In 1927 Gertrude Hart and Bernard Cronin founded the Society of Australian Authors. Cronin was president and Lavater and Hart were vice-presidents. Its aim was to raise the profile of Australian authors across Australia and also to welcome visiting writers. Cronin thought that the society became too political and it ceased to operate in 1936.

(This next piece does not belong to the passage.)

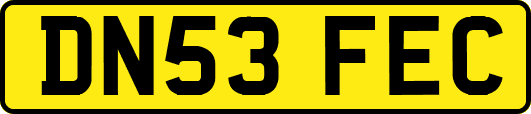 DN53FEC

An oil portrait of Louis Lavater by Rollo Thomson hangs in the State Library of Victoria. Lavater composed ballet orchestrations which played abroad and arranged light opera.
His piano miniatures have been recorded by Larry Sitsky The White Owl was revived in a 1961 recording by Jessica Dix and Arnold Matters.

Performances
Lavater's setting of The Old Bark Hut by Banjo Paterson was revived for a production of bush ballad musical Under the Coolibah Tree produced by the Waterside Worker's Union in 1956.

Musical works
 1880 Queen Mab Waltz
 1891 Nina (Ballet)
 1895 Australis (Australian Hymn words added by Gallipoli correspondent John Sandes)
 1921 Demon Wind (appeared in a 1921 musical play Laughing Murra by Euphemia Coulson Davidson Nee Kidd)
 1922 Dance of the Saplings
 1924 Awakening – Sonata in A major
 1928 Canon in E flat
 1932 Valse Lente 
 1933 Meadow Clover (two part song based on his 1928 Canon)
 1923 Hornpipe in G
 1924 Valse capricieuse
 1936 Aubade
 1936 By starlight – serenade for string and piano
 1936 A summer night – SATB voices
 1937 We Beseech Thee Almighty God
 1937 Twelve Preludes for Piano
 1937 Trav'lin' down the Castlereagh (words by Banjo Paterson)
 1937 The Old Bark Hut (words by Banjo Paterson)

Books
 1917 A Lover's Ephemeris
 1922 This Green Mortality

References

External links
 

1867 births
1953 deaths
Australian male composers
Australian composers
20th-century Australian poets
Australian male poets
20th-century Australian male writers
Australian songwriters
People educated at Wesley College (Victoria)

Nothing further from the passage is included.